Aktuell liegt der Preis für einen Liter Superbenzin bei rund EUR 1,83. Seit die CO2-Steuer im Februar durch den Nationalrat beschlossen wurde, ist der Preis damit um mehr als 40 Cent pro Liter gestiegen. Die CO2-Steuer würde den Preis um rund 7 Cent erhöhen. In Anbetracht der vorausgegangenen Preissteigerungen wäre die zusätzliche Lenkungswirkung hin zu klimafreundlichen Verhalten gering. Trotzdem würden die Haushaltsausgaben für Treibstoffe im Schnitt um rund EUR 140 pro Jahr steigen, zeigen Berechnungen des Momentum Instituts. 
„Vor dem Hintergrund der aktuellen Preisanstiege erscheint eine Verschiebung der CO2-Steuer sinnvoll. Statt auf derzeit hohen Preise eine zusätzliche Steuer aufzuschlagen, könnte die Verschiebung genutzt werden, um die Spritpreise zukünftig gegen Preissenkungen abzusichern. Eine solches Vorgehen wäre sozial- und klimapolitisch sinnvoll“, so Joel Tölgyes, Klimaökonom des Momentum Instituts.
Als Grundlage dafür könnte der ohnehin gesetzlich vorgesehene Preisstabilitätsmechanismus dienen. Im Falle von größeren Preisschwankungen sieht dieser eine Anpassung des CO2-Steuerpfads vor. Dieser Mechanismus könnte nun genutzt werden: Unterschreitet der Benzinpreis die Marke von EUR 1,60 pro Liter – das entspricht einer Reduktion um 12,5 Prozent und damit der im Preisstabilitätsmechanismus vorgesehenen Grenze – so könnte automatisch eine CO2-Steuer von mindestens EUR 50 pro Tonne eingeführt werden. Der Benzinpreis würde dann wieder bei EUR 1,73 liegen. Insgesamt müsste der CO2-Steuerzielpfad anschließend auch stärker und schneller steigen als bisher vorgesehen.

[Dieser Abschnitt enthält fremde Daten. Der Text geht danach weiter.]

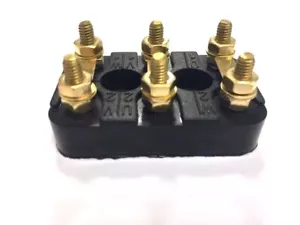 Bloque de terminal de motor 4 mm diámetro 6 pines 50x32 mm - Imagen 1 de 7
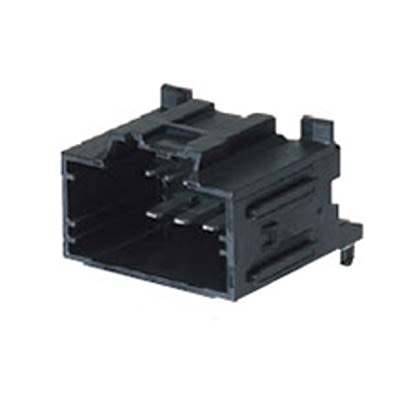 Molex 34696 Series Right Angle PCB PCB Header, 10 Contact(s), 2.54 mm Pitch, 2 Row(s), Shrouded [34696-0100]; 684-218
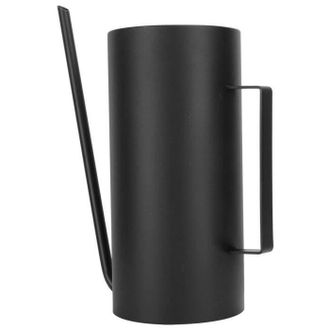 OEM Regadera De Interior Tuserxln, De Acero Inoxidable Con Boquilla Larga, Ideal Para Plantas Con Flores, Jard&iacute;n Y Patio, Color Negro, 1,5 L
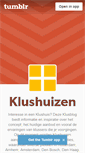 Mobile Screenshot of klushuizen.tumblr.com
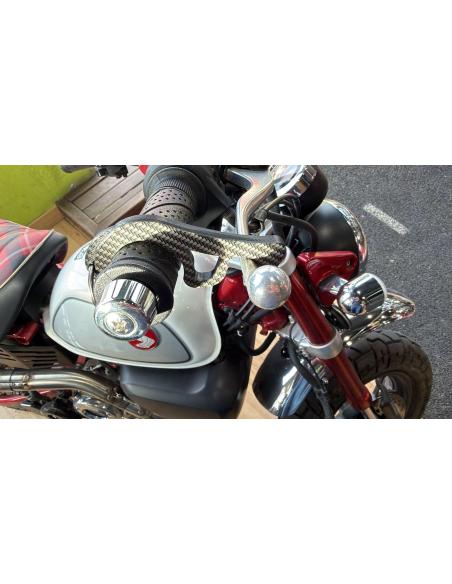 Front Brake Lock with Carbon Effect for Motorcycle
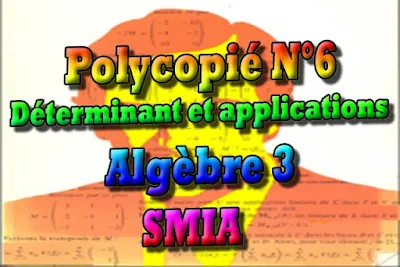 SMIA, SMIA S2 Analyse 3, systèmes linéaires, méthode de Gauss, espaces vectoriels, Matrices, Déterminant, cours gratuit, cours de maths gratuit, cours en ligne gratuit, cours de physique, cours gratuit en ligne, telecharger gratuitement, cours gratuit informatique.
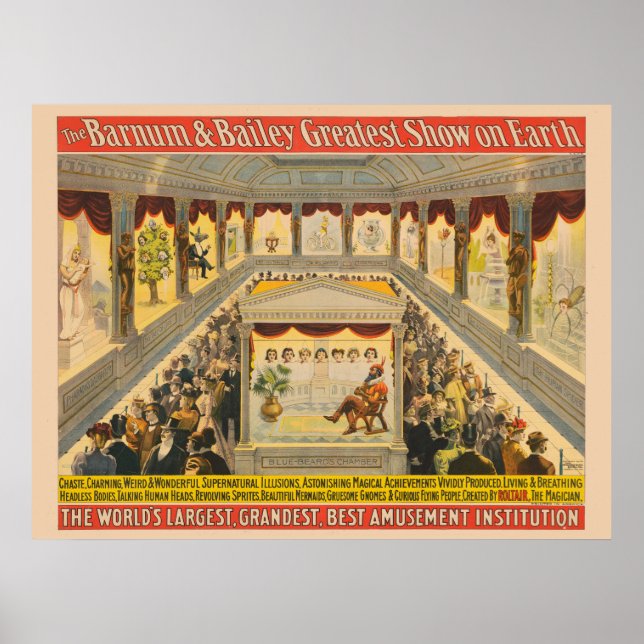 Poster Ilusões Sobrenaturais E Maravilhosas No Hall (Frente)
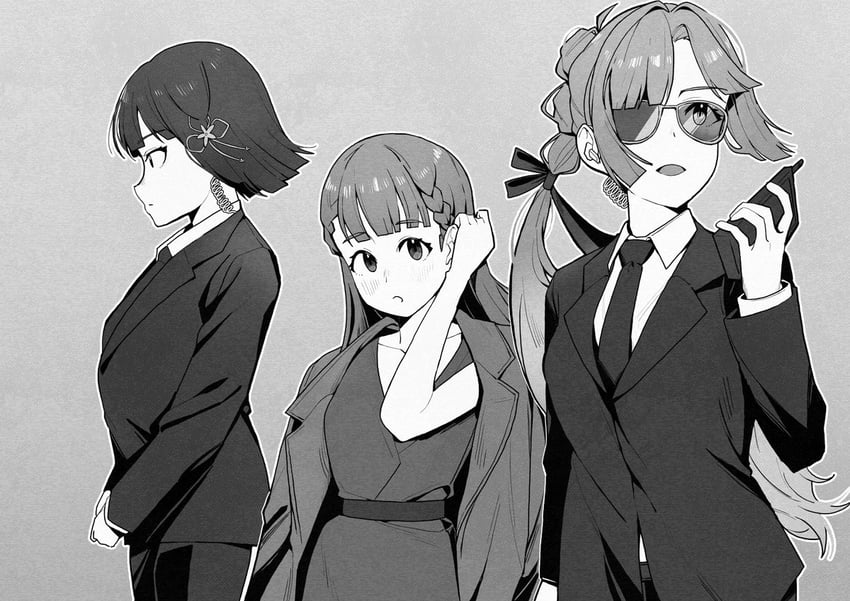 momose ginko, anyoji hime, and kachimachi kosuzu (love live! and 1 more) drawn by goldluck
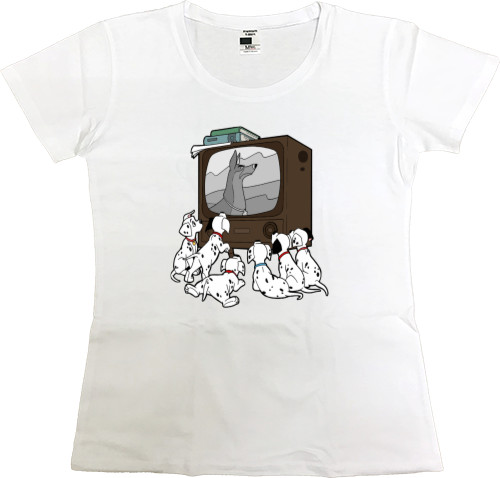 Women's Premium T-Shirt - 101 Dalmatians - Mfest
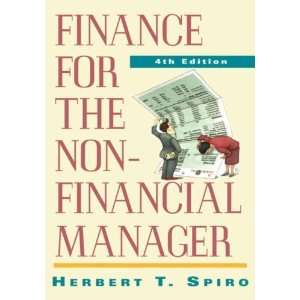   for the Nonfinancial Manager [Paperback] Herbert T. Spiro Books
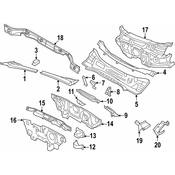 VW Radiator Support Panel Reinforcement - Genuine VW 3CN806239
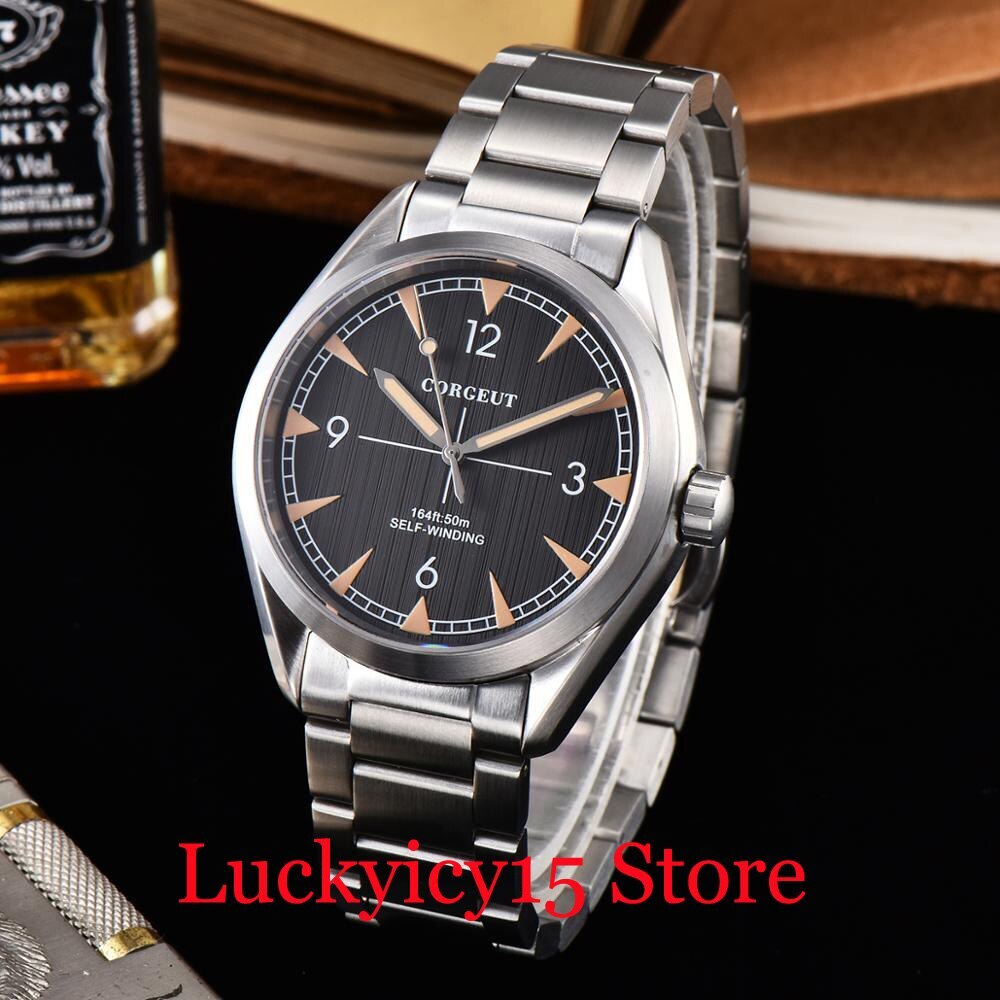 Corgeut Black/Blue/White Dial 41MM ST1612 NH35A MIYOTA 8215 Automatic Mens Watch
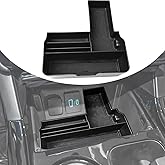 Center Console Tray for Ford Explorer 2020 2021 2022 2023 2024 Accessories | Explorer Accessories 2020-2024 ,Compartment Insert Organizer Secondary Storage Box ABS Material (Not Fit 2025 2026)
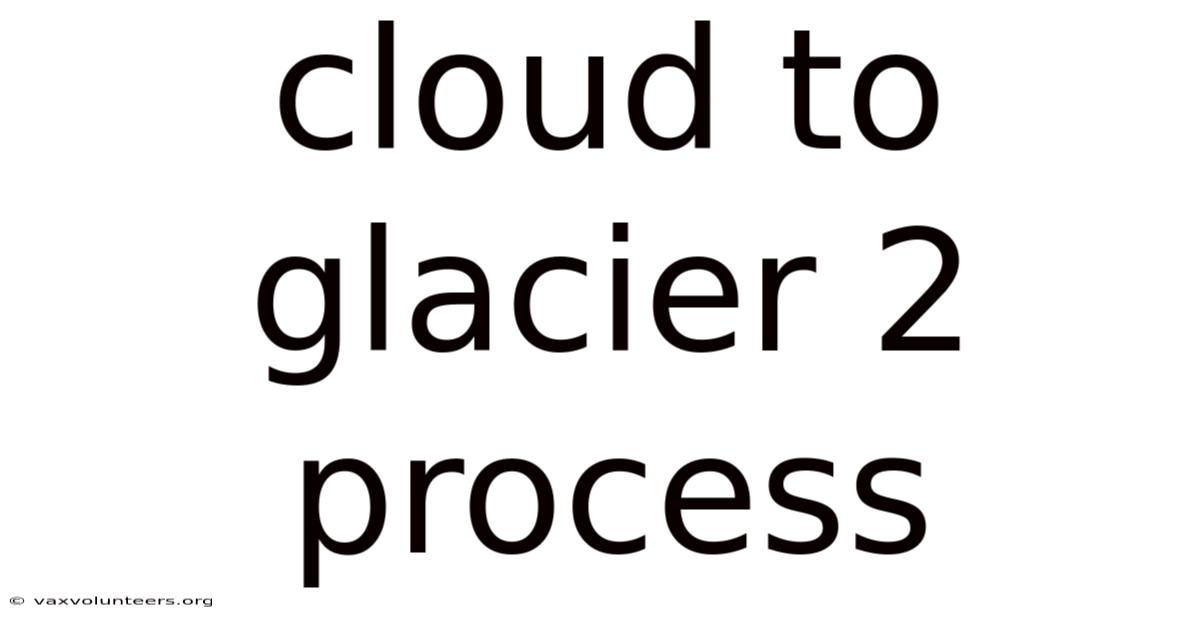 Cloud To Glacier 2 Process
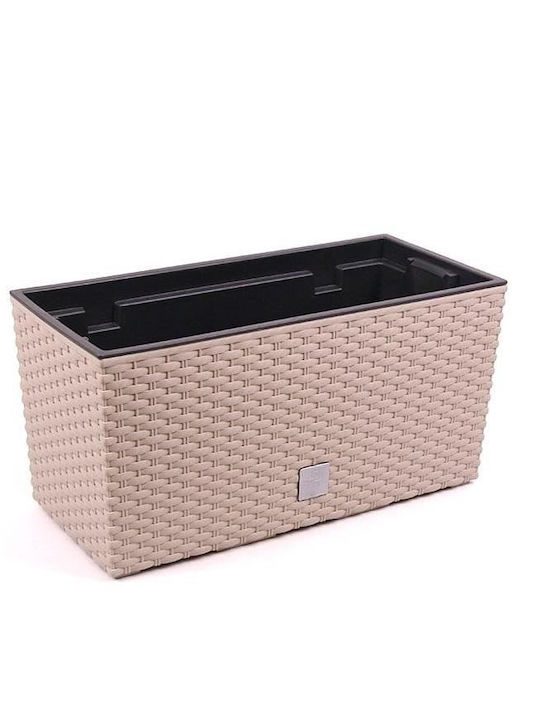 Decorative Planter Imitation Rattan Brown 39.5x18.5x19.5 Cm Rato Case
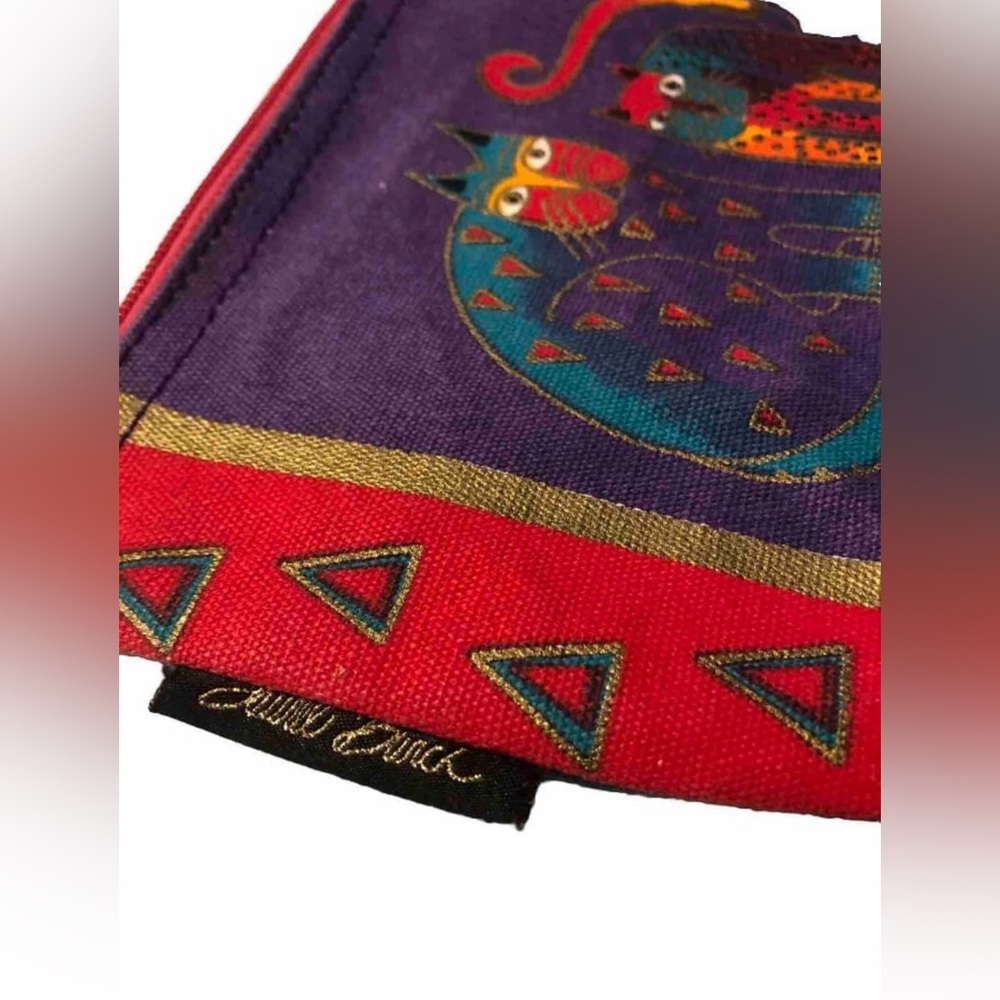 Laurel Burch Fantastic Felines Book w/ Feline Friends Zipper Pouch Cosmetic Bag - Picture 12 of 14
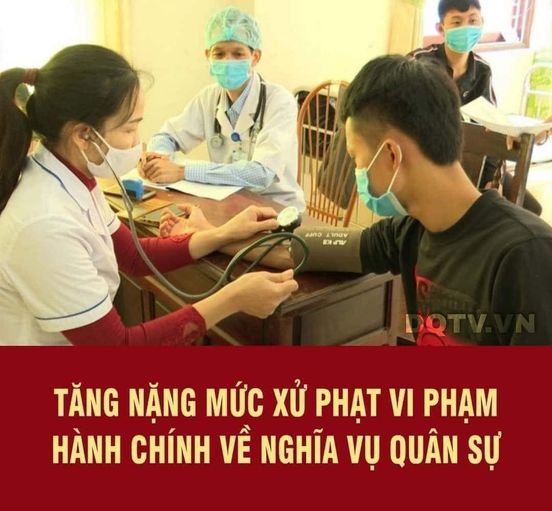 Mức xử phạt về việc không chấp hành lệnh gọi khám sức khỏe thực hiện Nghĩa vụ quân sự!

Die Verteilungswirkung des erhöhten Klimabonus ist verteilungspolitisch positiv zu bewerten. Relativ zum ihrem Einkommen profitieren Haushalte mit niedrigen Einkommen am stärksten.
„Problematisch ist am Klimabonus vor allem die späte Auszahlung. Denn die höheren Mieten und die teureren Lebensmittel müssen schon jetzt bezahlt werden. Eine Auszahlung im Oktober ist deutlich zu spät. Außerdem ersetzt der Klimabonus keine armutsfesten Sozialleistungen“, so Tölgyes.
Das Momentum Institut schlägt vor, Mindestsicherung, Ausgleichszulage (Mindestpension) und Arbeitslosengeld deutlich anzuheben und sie damit gegen Armut abzusichern. Für nicht indexierten Sozialleistungen, wie die Familienbeihilfe, sollten der bereits erfolgte Kaufkraftverlust ausgeglichen werden. Zukünftige wäre es sinnvoll, alle Sozialleistungen automatisch an die Inflation anzupassen.